J’ai souvent entendu des écrivains dire qu’ils sont pris par leurs personnages. C’est exactement ce qui m’est arrivé. Il y a eu des moments, au cours de l’écriture, où je ne contrôlais pas le personnage. Le narrateur avait pris son autonomie, il racontait et je tapais sur le clavier de mon ordinateur. J’étais presque étonnée, ensuite, d’avoir écrit le passage en question.

Dans quelle mesure les angoisses du personnage reflètent-elles celles de la population syrienne comme l’insécurité, le traumatisme quant à l’enfermement ou la surveillance constante ?

J’ai envoyé le roman à des amis qui vivent dans des régimes totalitaires, le syrien et d’autres. Ils me diront, peut-être, s’ils se retrouvent dans ces angoisses.

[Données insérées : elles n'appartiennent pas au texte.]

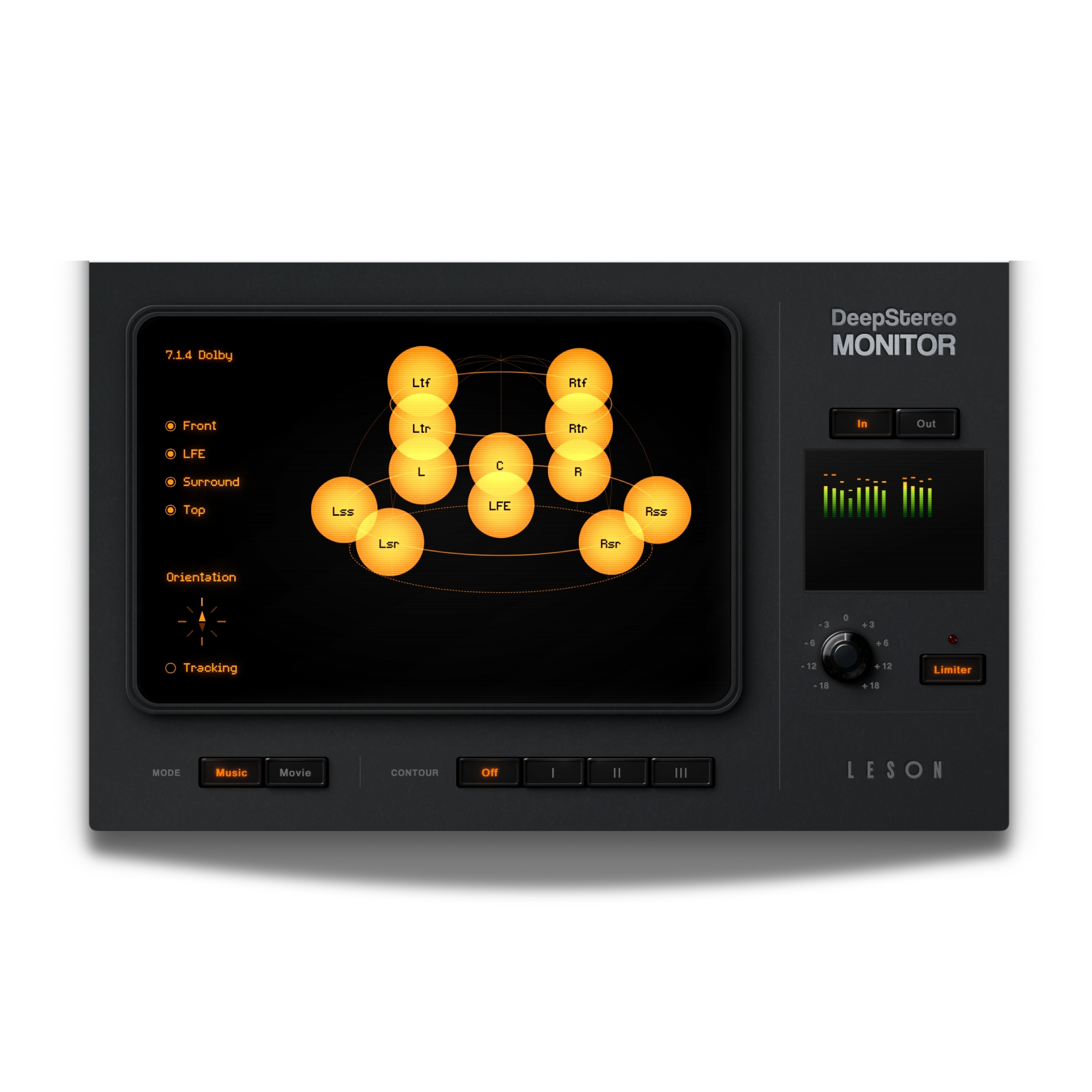 DeepStereo Monitor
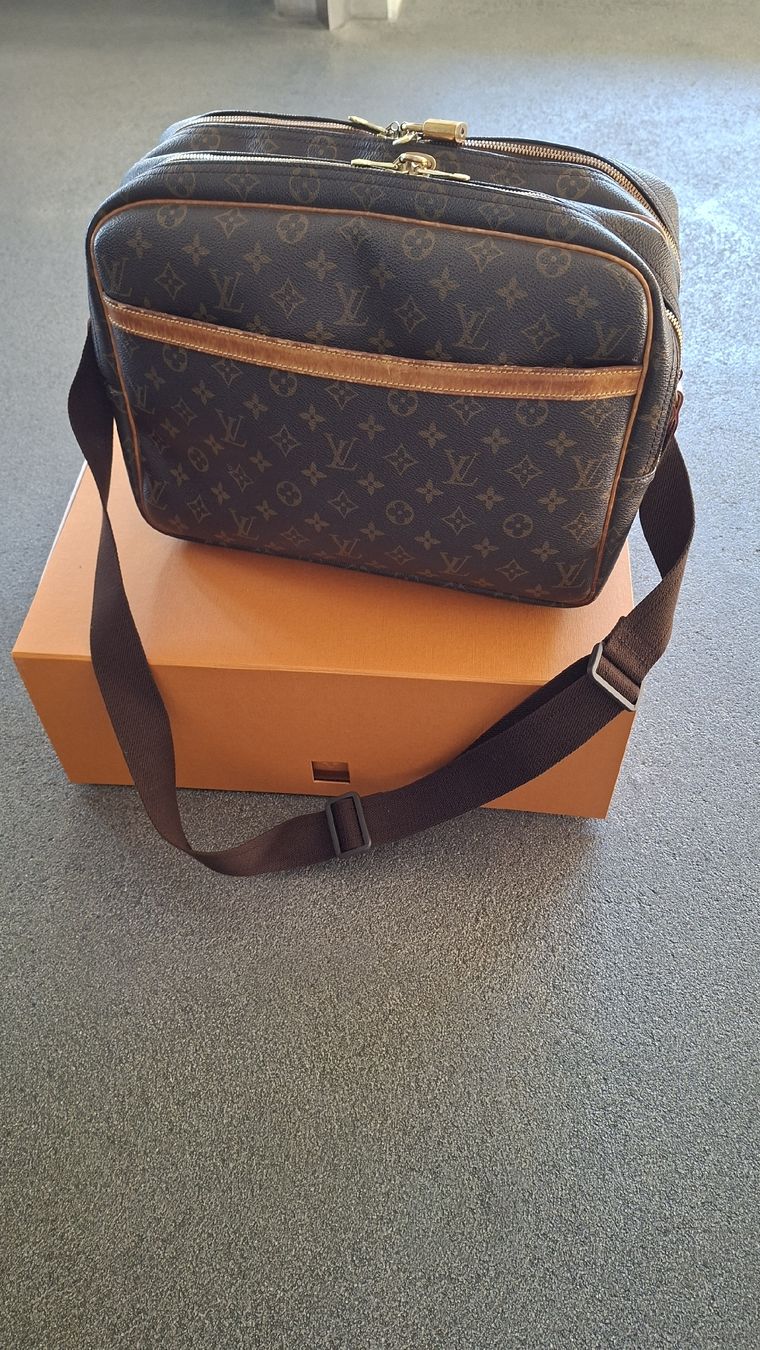 Louis Vuitton Taschen: Vintage Louis Vuitton Porter – Gebraucht aus Hünenberg von 1902 1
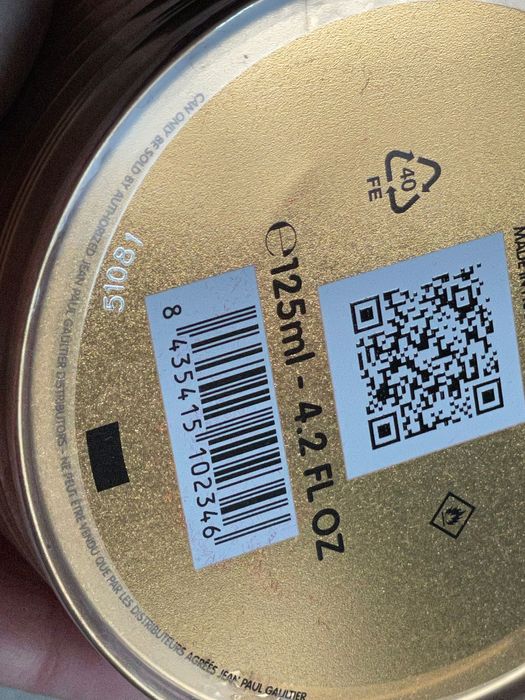 JPG Le male elixir absolu Jean Paul Gaultier original editie 2025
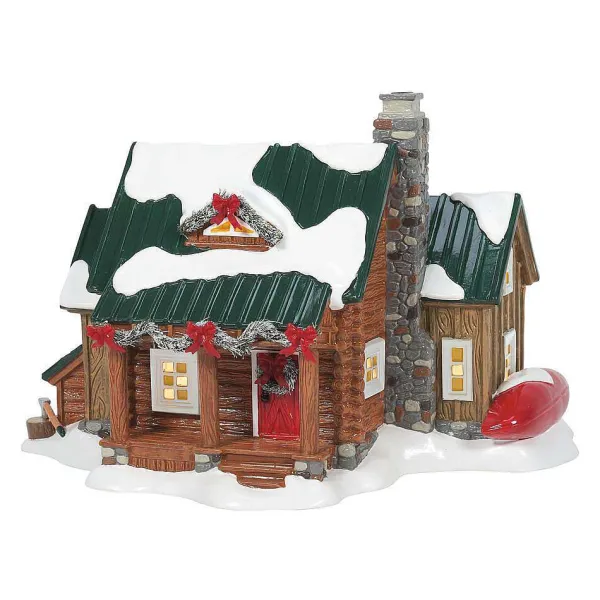 Table Decor^Department 56 Pine Ridge Cabin Dept. 56 Village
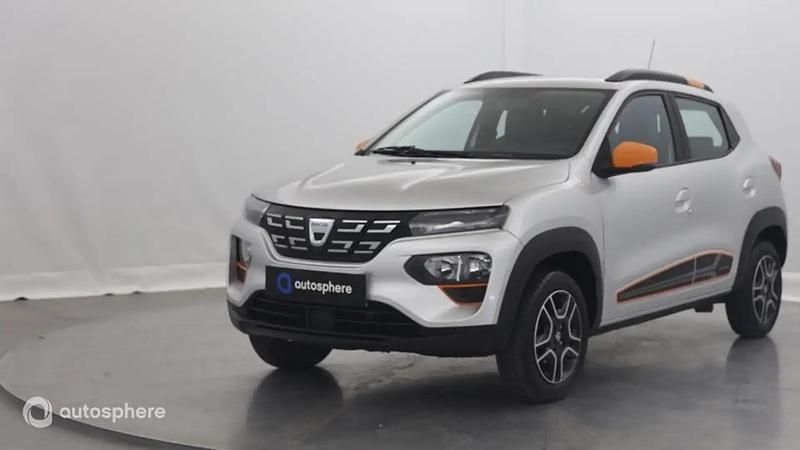 Gris Utilisé 2022 Dacia Spring Comfort Plus Citadine | 8 999 € (Prix juste) - Image 1/4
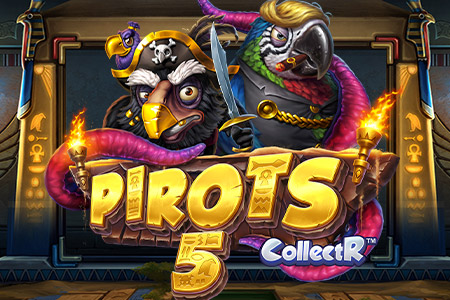 Pirots 5 sur Casinozer Casino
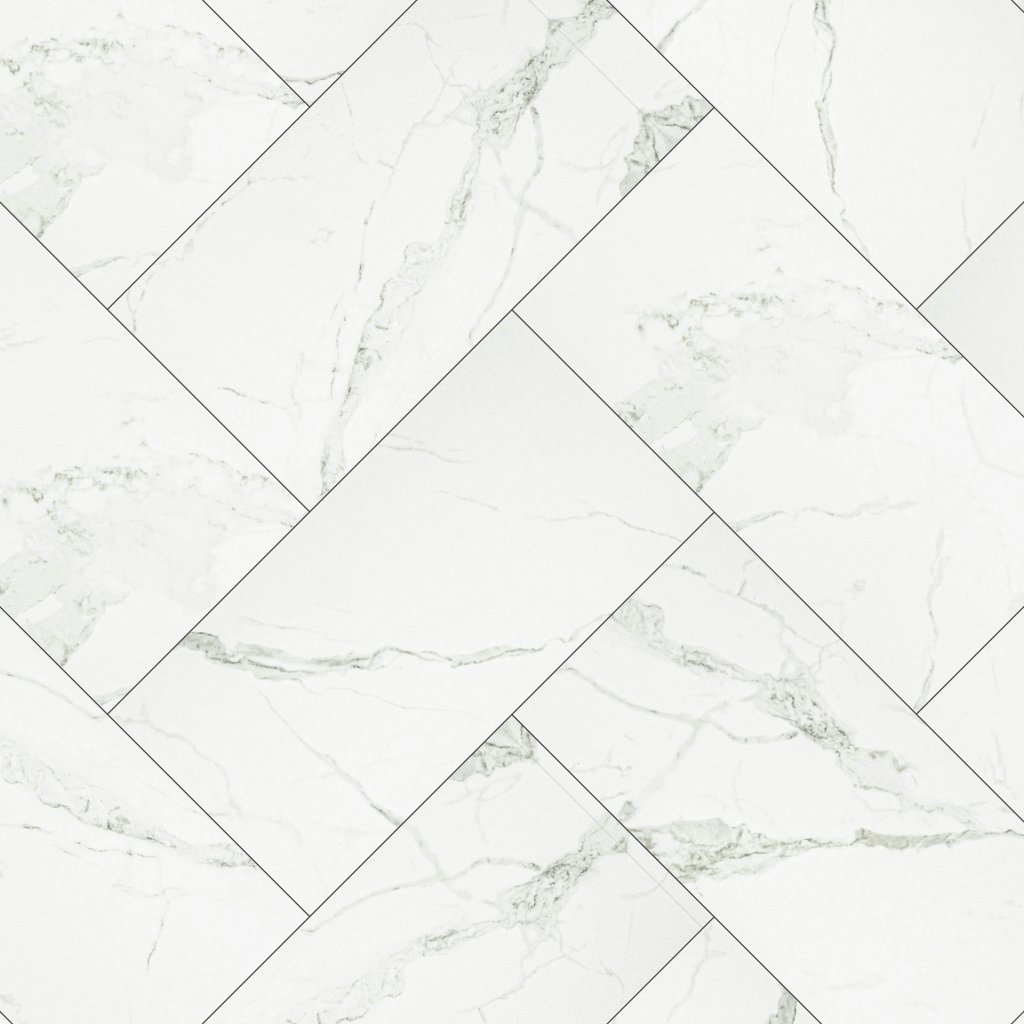 Qualis Ceramica Ardor Love 16X32 Polished - Black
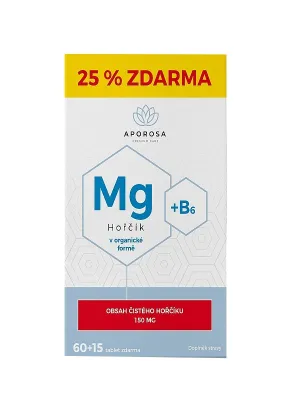APOROSA Premium Magnesiumcitrat 150 mg + B6 75 Tabletten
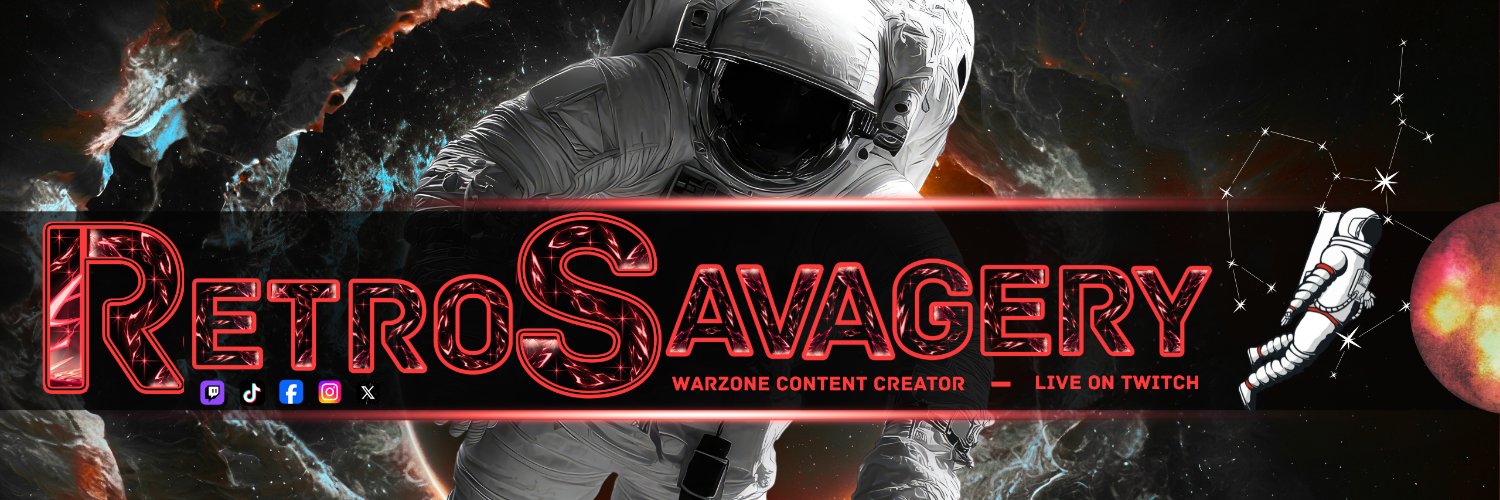 RetroSavagery banner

J’ose croire que toutes ces années que j’ai passées à travailler dans et sur ces pays terribles – pas seulement la Syrie – m’ont permis de saisir intimement ces peurs et que j’ai réussi, dans Camera obscura, à les rendre, ne serait-ce que petitement.

Je crois que ce roman est aussi un hommage à toutes ces femmes et tous ces hommes que j’ai rencontrés au fil des années, qui m’ont fait confiance, qui m’ont parlé sincèrement et ouvertement. C’est aussi, paradoxalement, une déclaration d’amour à cette région du monde si blessée et à ses peuples. Parce que le courage du narrateur est le leur, parce qu’un jour nous irons à nouveau pique-niquer au bord des rivières, nous partagerons à nouveau des thés en discutant pendant des heures, et l’un d’entre nous se mettra, inévitablement, à déclamer, à voix douce, de la poésie.